La transition des smartphones à l’informatique alimentée par l’IA
Pendant des années, la fabrication de smartphones a alimenté le moteur de croissance de TSMC. Des entreprises comme Apple et Qualcomm comptaient sur Taiwan Semiconductor Manufacturing pour produire leurs processeurs mobiles de pointe. Ce paysage a fondamentalement changé. Aujourd’hui, la course à la construction d’infrastructures d’intelligence artificielle a radicalement modifié les sources de revenus de l’entreprise.
Les données racontent une histoire convaincante. Au troisième trimestre 2021, l’informatique haute performance représentait seulement 37 % du chiffre d’affaires de TSMC. À la fin du troisième trimestre 2025, ce chiffre était passé à 57 %. Parallèlement, le chiffre d’affaires des smartphones s’est contracté, passant de 44 % à 30 % sur la même période. En termes absolus, le segment HPC a généré 5,51 milliards de dollars au troisième trimestre 2021 et a bondi à 18,87 milliards de dollars au troisième trimestre 2025 — plus de trois fois la croissance en seulement quatre ans.
Cette accélération s’aligne parfaitement avec l’explosion de la demande pour les centres de données. Les entreprises qui cherchent à déployer des capacités d’IA générative ont besoin de puces spécialisées que seul TSMC peut fabriquer à grande échelle. Que ce soit l’infrastructure d’OpenAI supportant ChatGPT ou les serveurs alimentant Gemini d’Alphabet, la silicon sous-jacente remonte à Taiwan.

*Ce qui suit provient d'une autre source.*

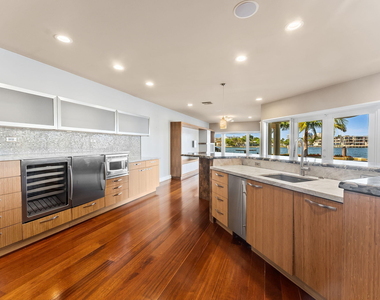 3 Isla Bahia Drive - Photo Thumbnail 16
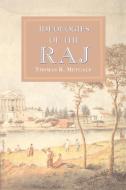 Ideologies of the Raj di Thomas R. Metcalf edito da Cambridge University Press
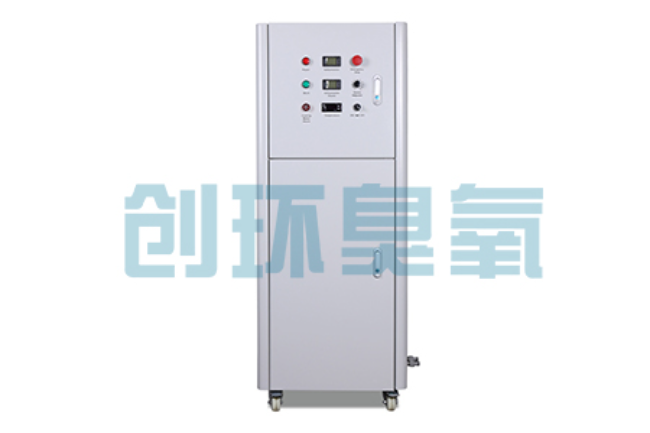 固安2026好用的臭氧发生器哪个公司靠谱?工业设备厂家盘点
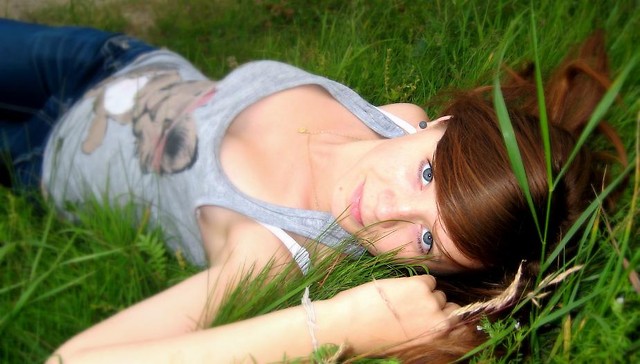 Wpis xxklaudia123xx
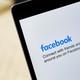 Facebook Parent's Oversight Board Criticizes 'Cross Check' Program That Protects VIP Users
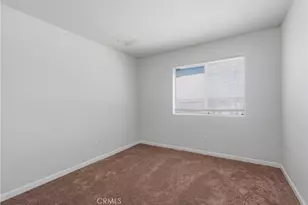 2885 W Calle Vista, Rialto, CA 92377 - Photo 17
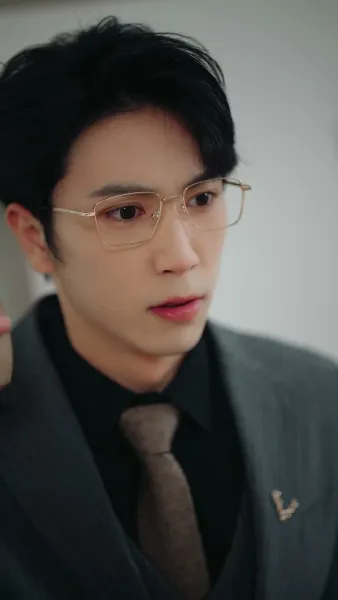 หัวใจที่ไม่รอคอย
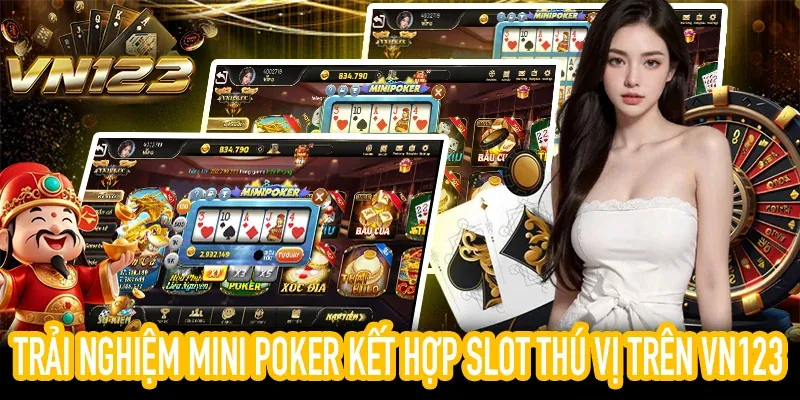 Game Bắn Cá Rồng 98win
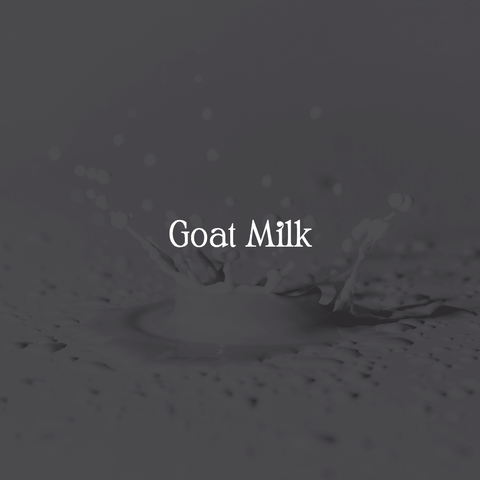 Goat Milk Soap - Sun Kissed Skin Care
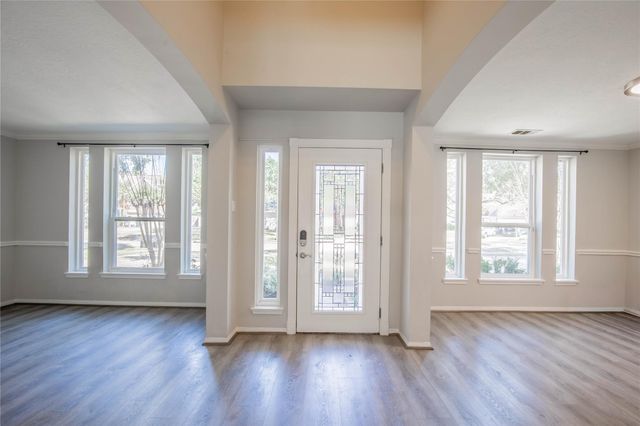 23234 Willow Canyon Drive, Katy, TX 77494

Pourquoi TSMC reste inégalé dans la fabrication de puces
Avec une capitalisation boursière dépassant 1,7 billion de dollars après sa hausse de 54 % en 2025, TSMC a rejoint un club exclusif de seulement 11 entreprises dans le monde valorisées à plus d’un billion de dollars. Cette valorisation n’est pas arbitraire — elle reflète les avantages structurels de l’entreprise.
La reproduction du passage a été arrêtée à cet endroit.